-------- The data --------
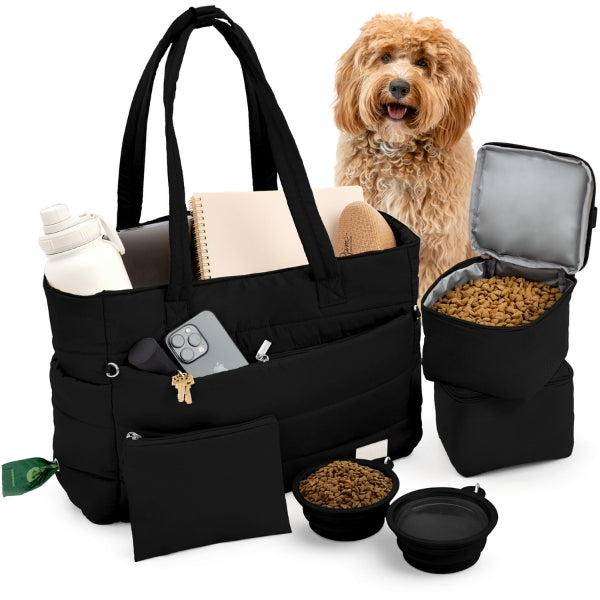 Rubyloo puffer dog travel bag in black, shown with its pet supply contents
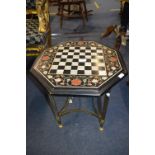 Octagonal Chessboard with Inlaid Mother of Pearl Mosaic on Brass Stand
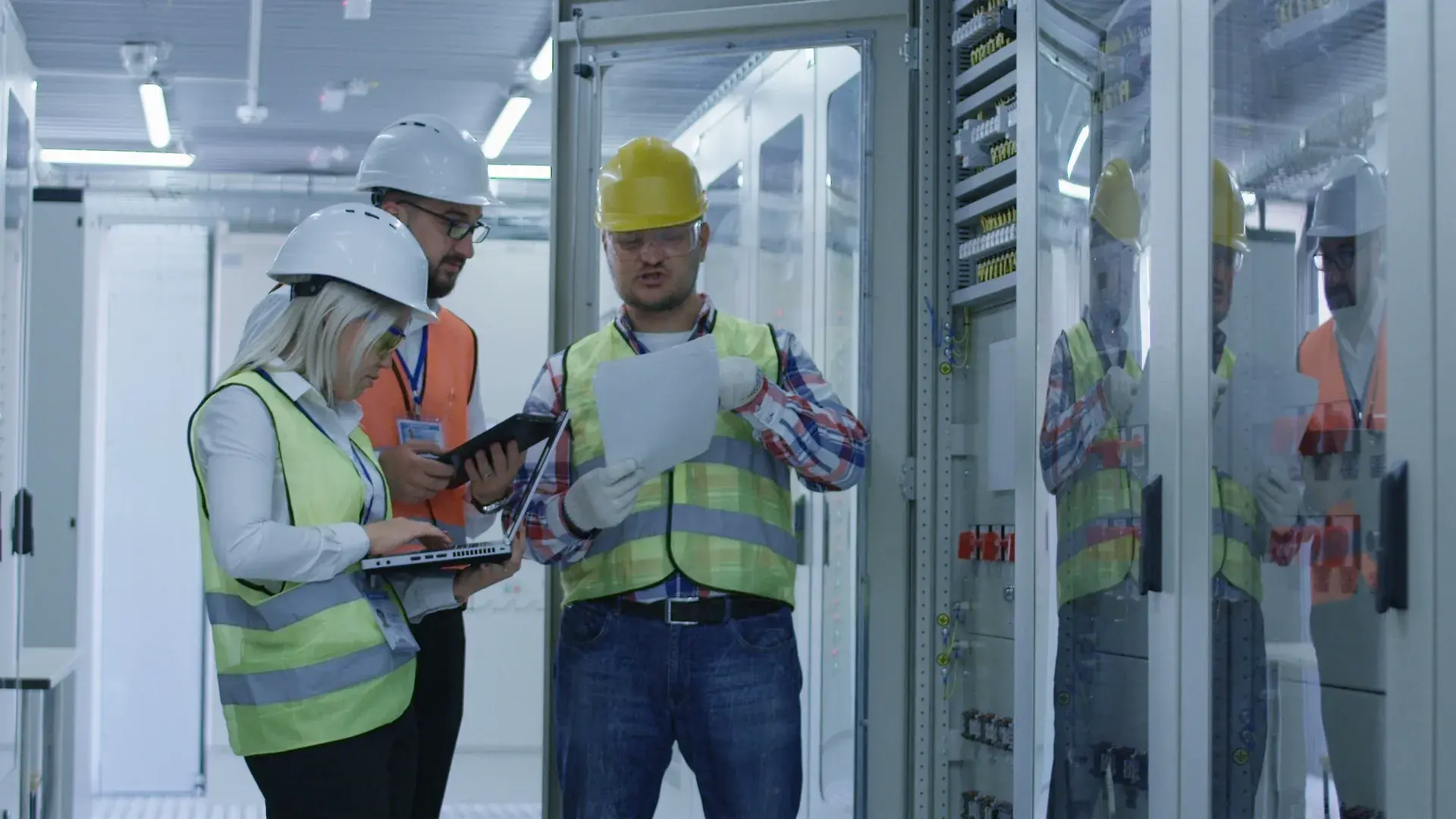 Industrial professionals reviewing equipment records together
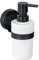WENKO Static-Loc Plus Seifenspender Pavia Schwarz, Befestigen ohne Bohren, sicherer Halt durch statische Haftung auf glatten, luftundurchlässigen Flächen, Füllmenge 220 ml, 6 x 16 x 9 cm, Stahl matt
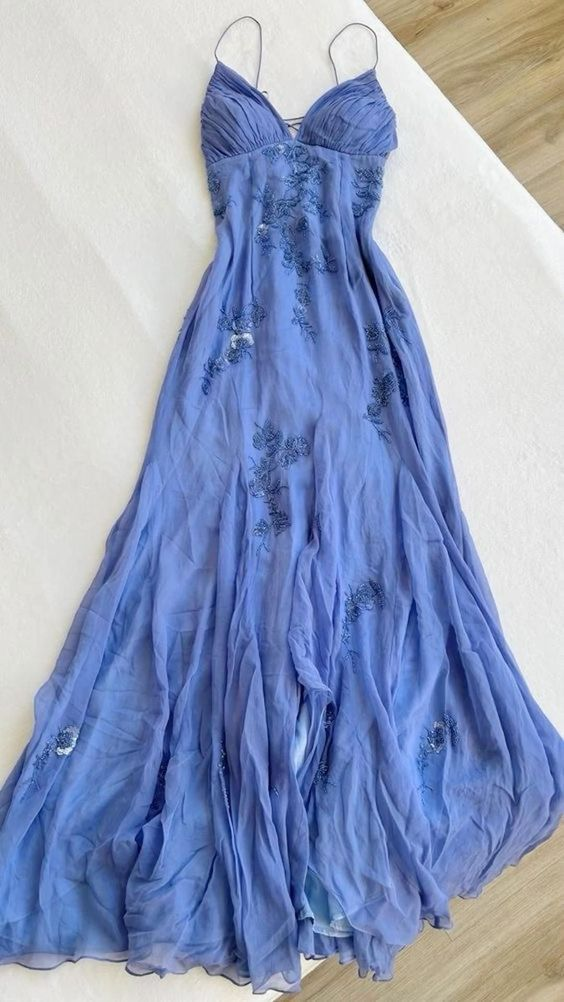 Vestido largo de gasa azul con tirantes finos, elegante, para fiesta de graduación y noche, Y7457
--------
-------- The data --------
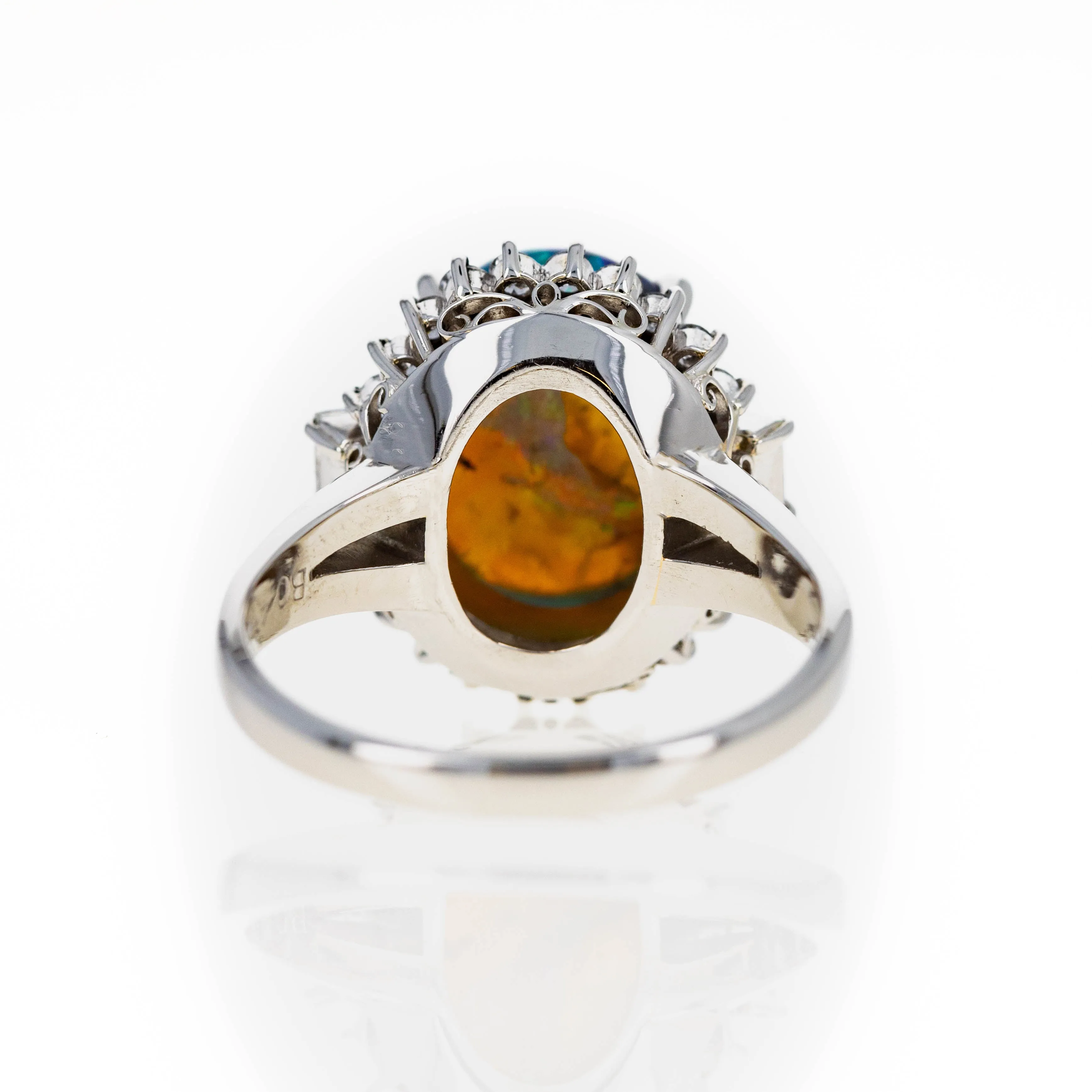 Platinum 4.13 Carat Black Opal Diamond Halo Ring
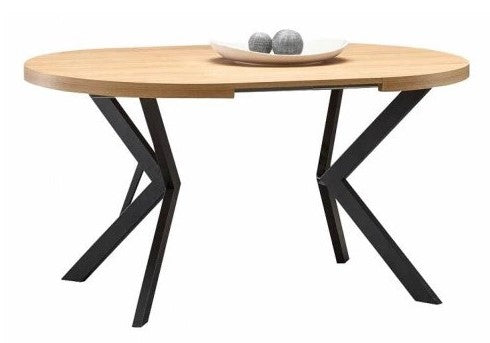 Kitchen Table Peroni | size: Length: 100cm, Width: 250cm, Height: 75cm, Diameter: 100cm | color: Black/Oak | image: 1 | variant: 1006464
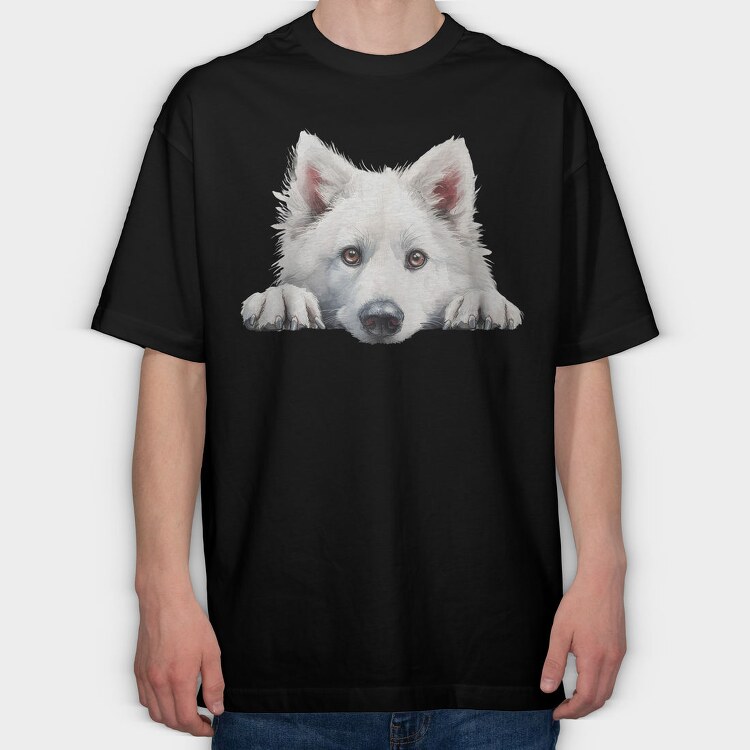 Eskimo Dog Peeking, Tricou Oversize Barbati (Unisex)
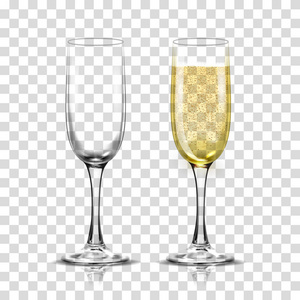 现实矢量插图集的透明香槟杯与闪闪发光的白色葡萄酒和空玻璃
--------
-------- The data --------
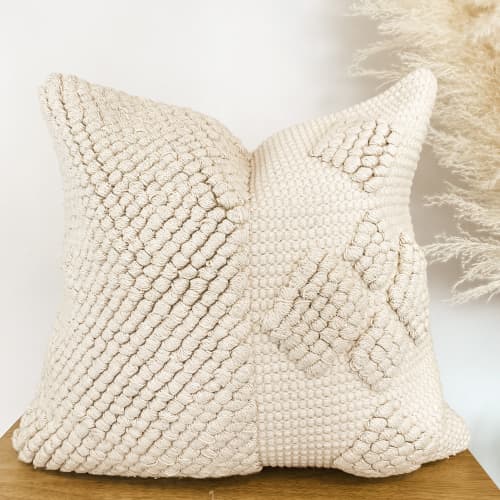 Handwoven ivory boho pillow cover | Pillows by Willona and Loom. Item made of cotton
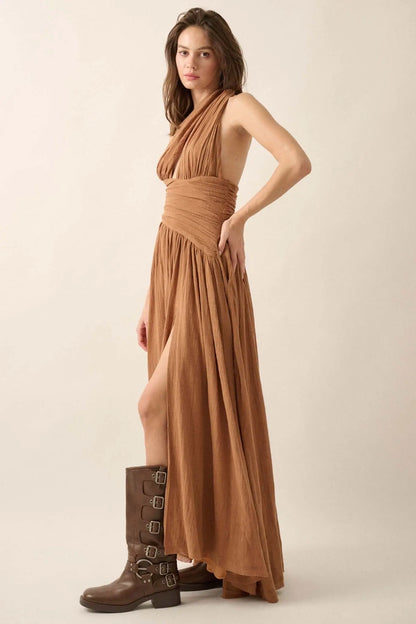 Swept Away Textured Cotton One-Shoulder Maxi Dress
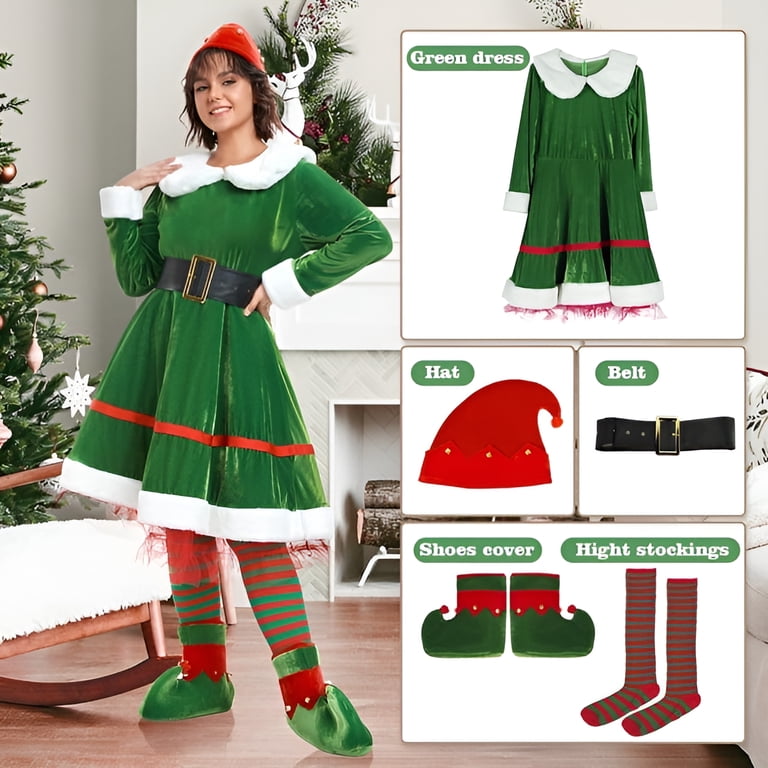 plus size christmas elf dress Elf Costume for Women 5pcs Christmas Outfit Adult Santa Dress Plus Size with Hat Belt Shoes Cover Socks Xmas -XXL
--------
What you should do >>
Look above for the line with "Octagonal Chessboard with" and the line with "Vestido largo de". Copy them and every line between, exactly, but no pictures.

Answer to this problem >>
 Octagonal Chessboard with Inlaid Mother of Pearl Mosaic on Brass Stand
 Industrial professionals reviewing equipment records together
WENKO Static-Loc Plus Seifenspender Pavia Schwarz, Befestigen ohne Bohren, sicherer Halt durch statische Haftung auf glatten, luftundurchlässigen Flächen, Füllmenge 220 ml, 6 x 16 x 9 cm, Stahl matt
 Vestido largo de gasa azul con tirantes finos, elegante, para fiesta de graduación y noche, Y7457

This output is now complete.